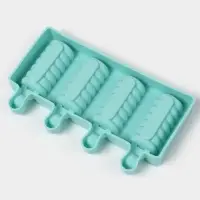 Форма для мороженого Доляна &laquo;Моника&raquo;, силикон, 19.5&times;11 см, 4 ячейки (6.7&times;3.2 см), МИКС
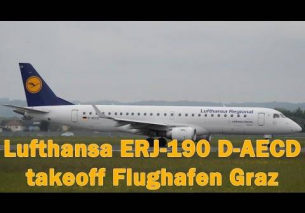 Lufthansa LH1261 E190 takeoff Flughafen Graz | D-AECD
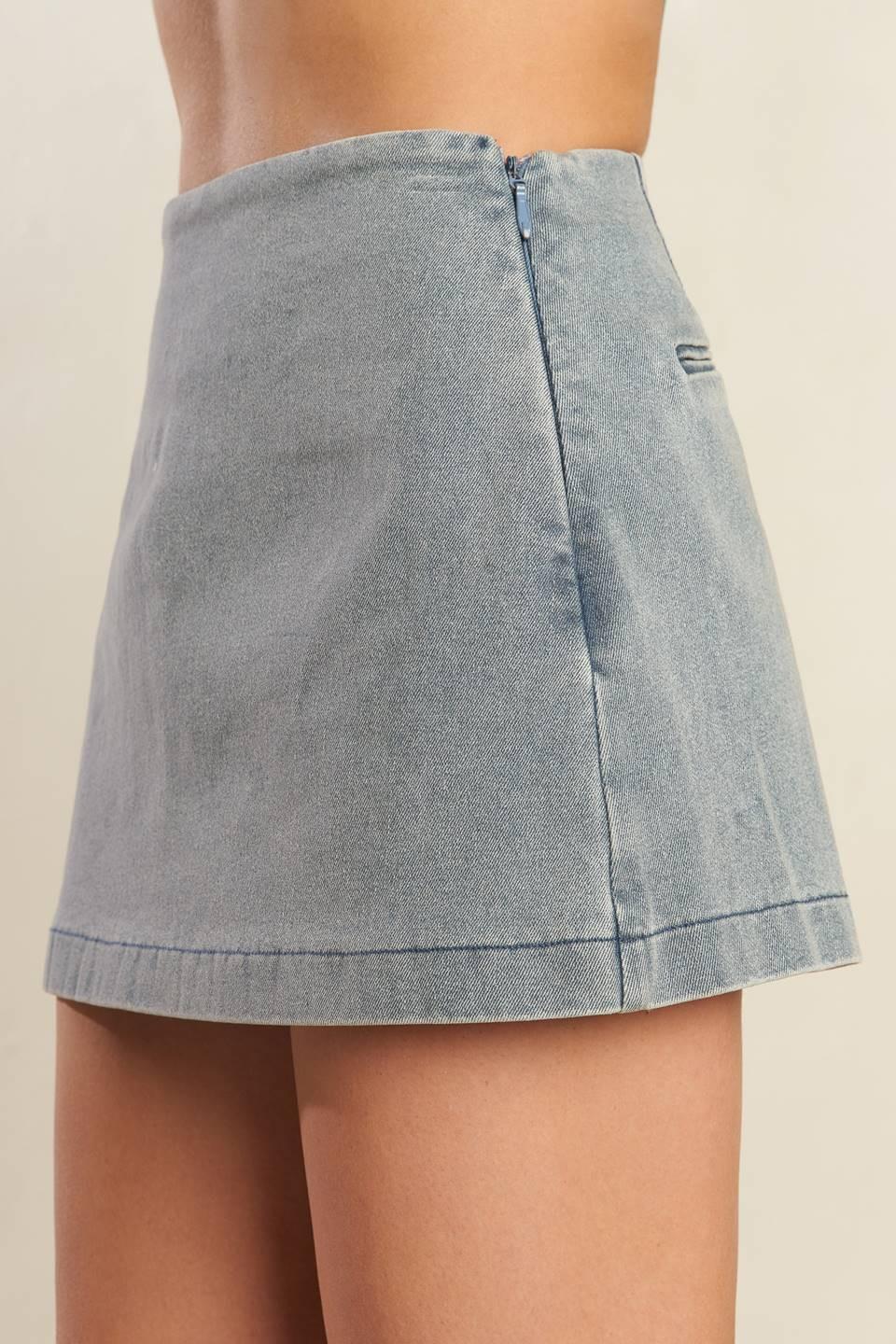 Daisy Date Denim Skort in indigo, view 2 — Soul Flow Apparel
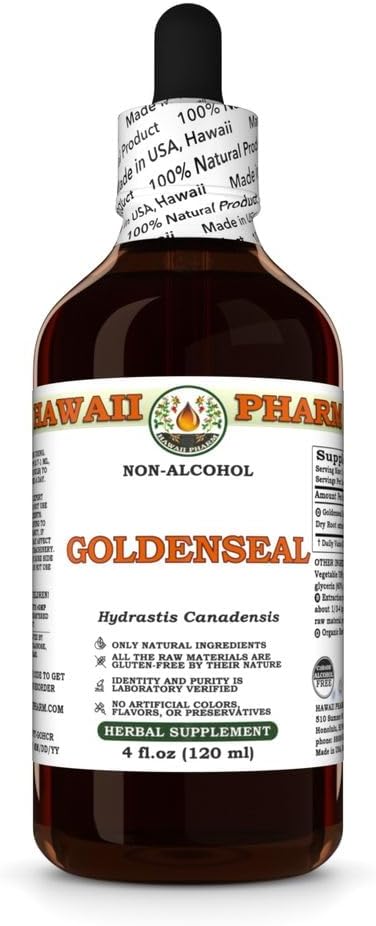 Goldenseal (Hydrastis Canadensis) Dry Root Glycerite, Made in Hawaii, Raw Materials, All Natural, Vegan, Lab Tested Alcohol-Free Liquid Extract - 4 fl.oz
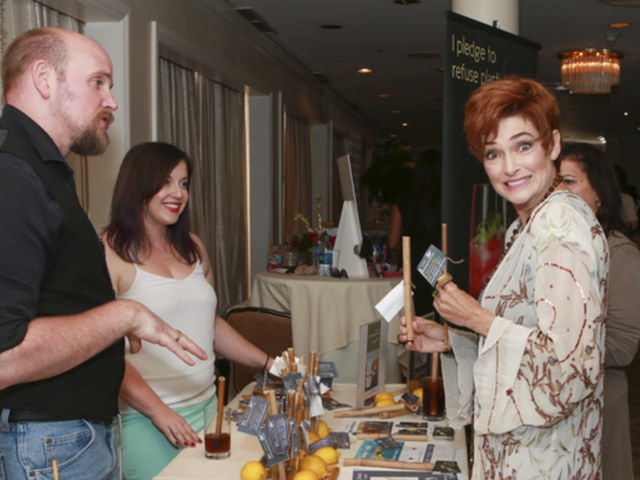 Caroline Hennessy was all smiles at Debbie Durkin's EcoLuxe Luxury Lounge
===============
What you should do:
Could you output all the entries above exactly as written, leaving out the pictures?

Task output:
 Форма для мороженого Доляна &laquo;Моника&raquo;, силикон, 19.5&times;11 см, 4 ячейки (6.7&times;3.2 см), МИКС
 Lufthansa LH1261 E190 takeoff Flughafen Graz | D-AECD
 Daisy Date Denim Skort in indigo, view 2 — Soul Flow Apparel
 Goldenseal (Hydrastis Canadensis) Dry Root Glycerite, Made in Hawaii, Raw Materials, All Natural, Vegan, Lab Tested Alcohol-Free Liquid Extract - 4 fl.oz
 Caroline Hennessy was all smiles at Debbie Durkin's EcoLuxe Luxury Lounge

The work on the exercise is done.